Of course it is true Mathematica is slower than a compiled language but one doest not choose Mathematica over a compiled language based on its speed.

Anonymous said...

As I said to Xah at the time:

"You have only observed a speedup because you have drastically simplified the
scene being rendered. Specifically, the scene I gave contained over 80,000
spheres but you are benchmarking with only 5 spheres and half of the image
is blank!

Using nine levels of spheres as I requested originally, your version is not
measurably faster at all."

So my verifiable claim that Mathematica is 100,000× slower than compiled languages was entirely correct.

Sal Mangano said...

Okay, as so as my book is out the door, I'll rewrite your code to show that the 100000x number is ridiculous.

Anonymous said...

FWIW, Wolfram Research themselves already took up my challenge with Daniel Lichtblau producing the fastest Mathematica implementation but it was still 1,800× slower than my OCaml.

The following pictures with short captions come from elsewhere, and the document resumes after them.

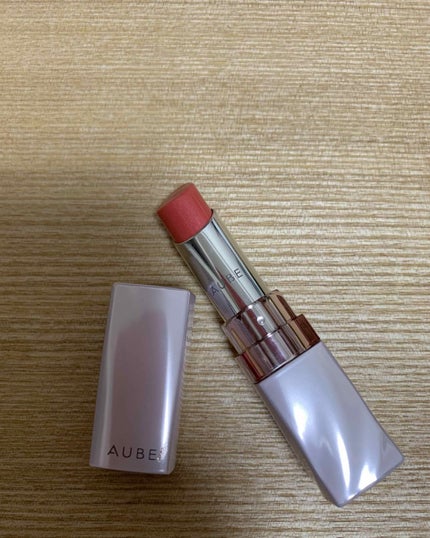 なめらか質感ひと塗りルージュ/AUBE/口紅を使ったクチコミ(1枚目)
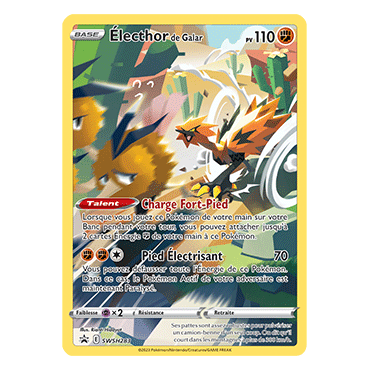 Électhor de Galar, carte - de Promo SWSH (Épée et Bouclier)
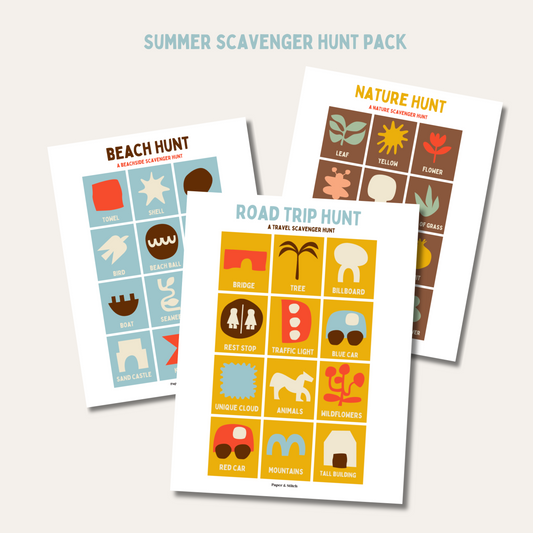 Scavenger Hunt Printable (Set of 3)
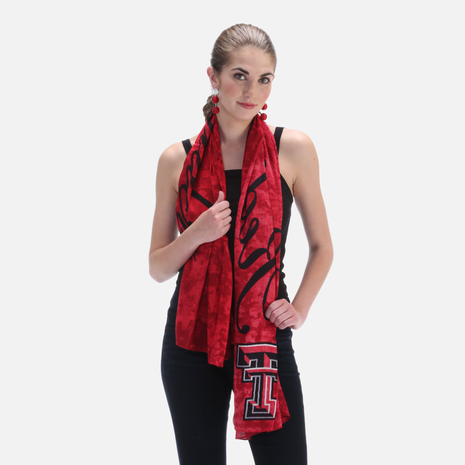 Texas Tech Red Raiders Script Scarf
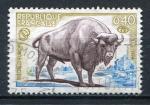 Timbre FRANCE  1974   Obl  N 1795  Y&T   Bison 
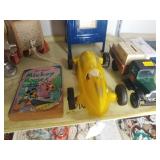 Vintage Wind-up Tether Car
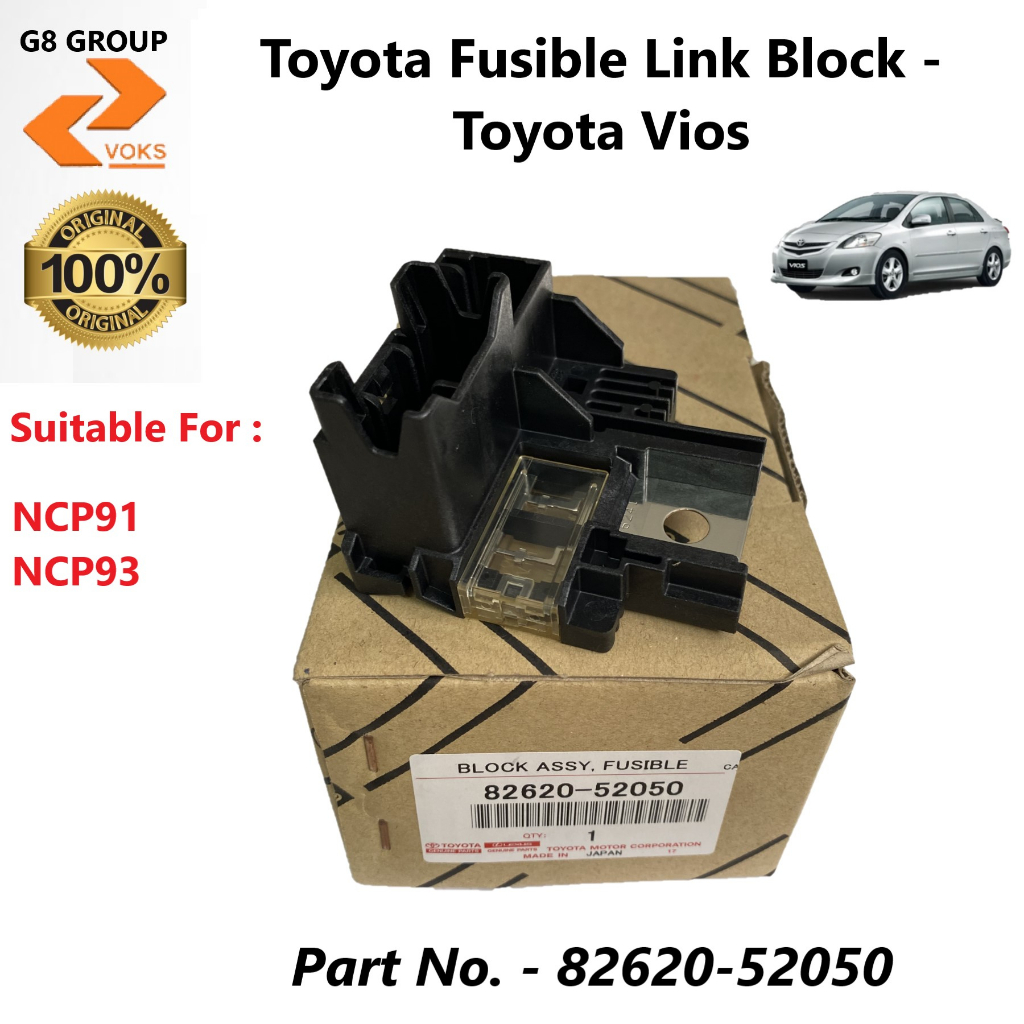 Toyota Fusible Link Block Toyota Vios ( 8262052050 ) Shopee Malaysia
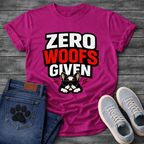 Zero woofs given funny dog shirt with French Bulldog attitude for pet lovers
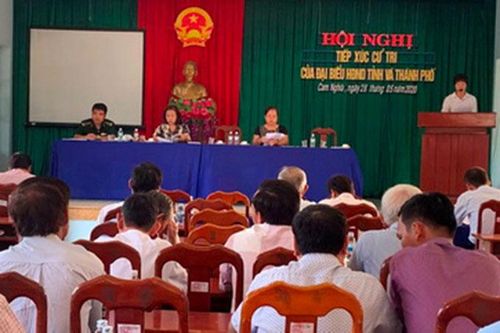 Đại biểu HĐND tỉnh Khánh Hòa tiếp xúc cử tri TP. Cam Ranh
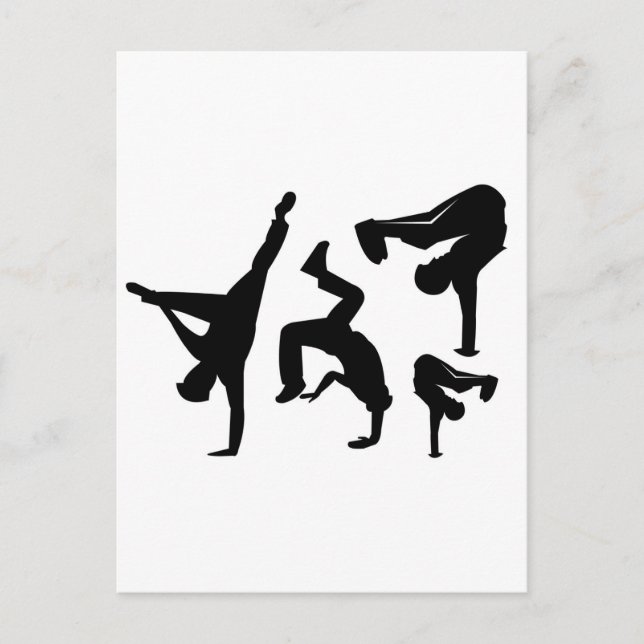 Carte Postale danseuse hip hop (Devant)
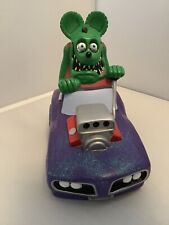 The Rat Fink  Hot Rod Bank  Funko 2005 1st Edition  Metallic PURPLE  Variant picture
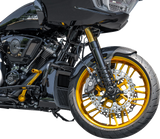 ARLEN NESS Front Fender - Cafe - 19" - Black 210-017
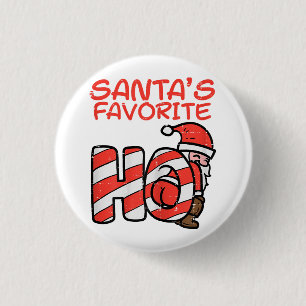Bóton Redondo 2.54cm Santas Favoritas Engraçadas Adultos de Natal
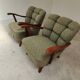Paire de fauteuils Halabala vert par Druzba Bratislava B-609 année 59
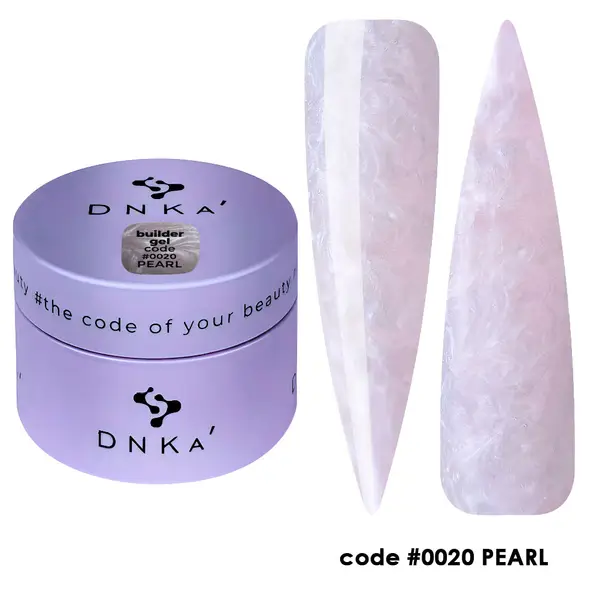 Гель перламутровый DNKa' Builder Gel  0020 Pearl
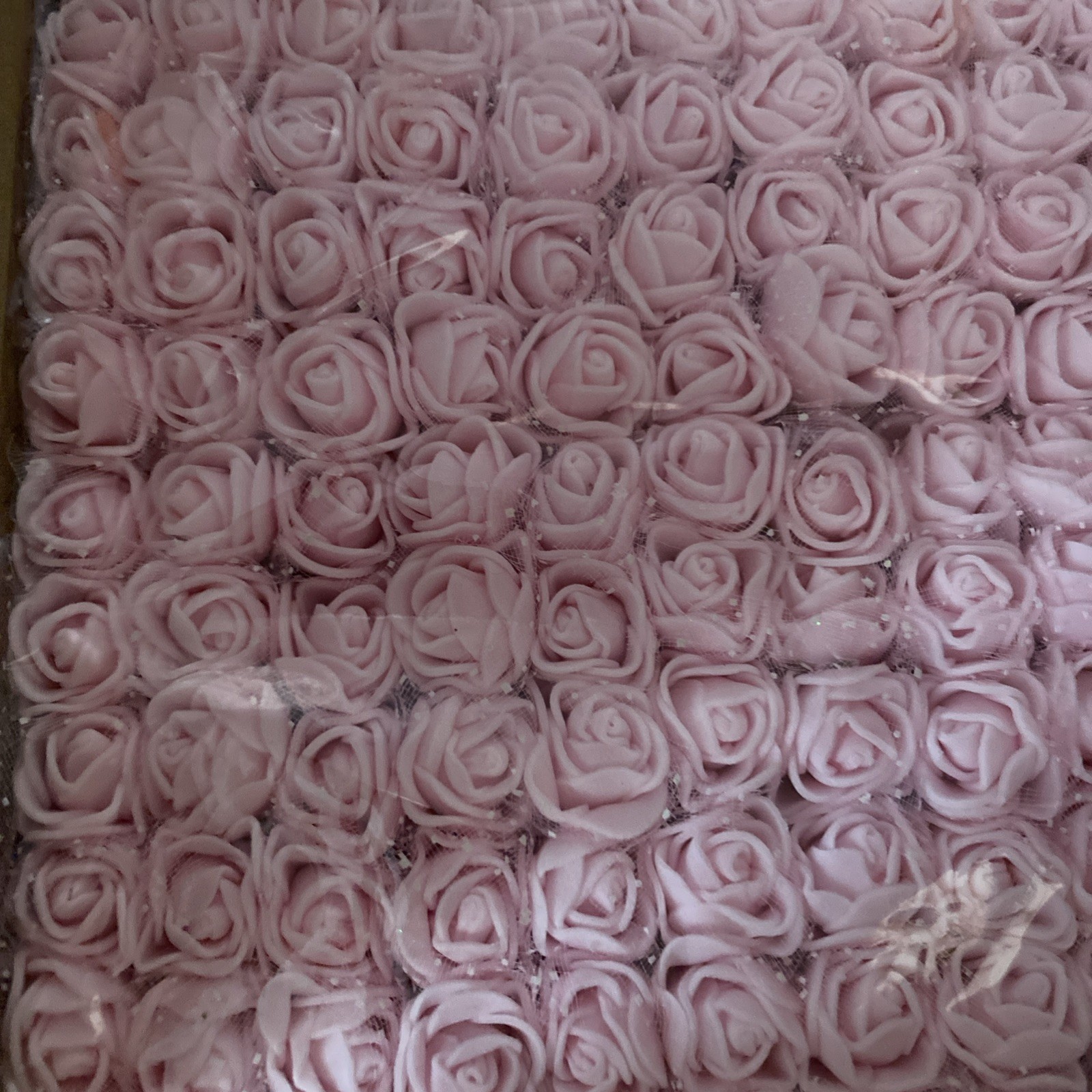1000. PCS Light Pink . Artificial Foam Rose Heads 0.06 Faux Flowers For Crafts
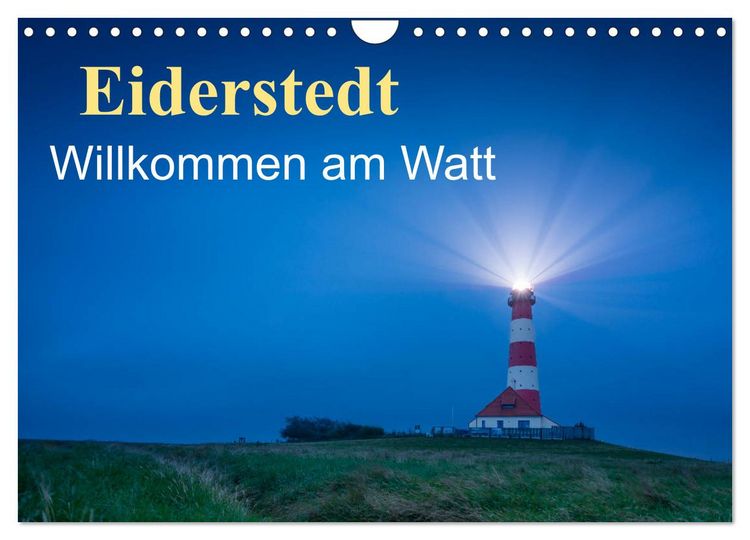 Produktbild: Eiderstedt - Willkommen am Watt (Wandkalender 2026 DIN A4 quer), CALVENDO Monatskalender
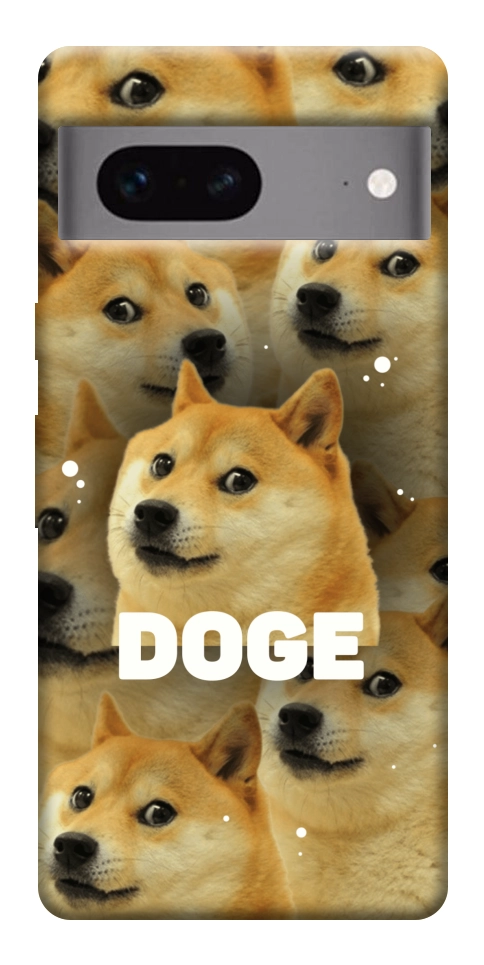 Чехол Doge pattern для Google Pixel 7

Suffice to say, these huge performance discrepancies leave plenty of room for more performant tools like F#.

Sal Mangano said...

See, you know the number is not 100000x but you insist on repeating it. This show you have ZERO credibility. I think 1800 would have been good enough for you to make your point.

I like challenges so I'll see if I can knock a few off of the 1800x but as I said in the past, you don't use Mathematica for ray tracing. You do use it for almost everything else.

For example, at IMUC 2009 I watched a keynote by Chris Carlson where he brought an amazing architectural project to life in just a few dozen lines of Mathematica. F# could not have pulled that off in a 100000 lines. So F# is 100000x less productive. Hey, if you can lie, why can't I.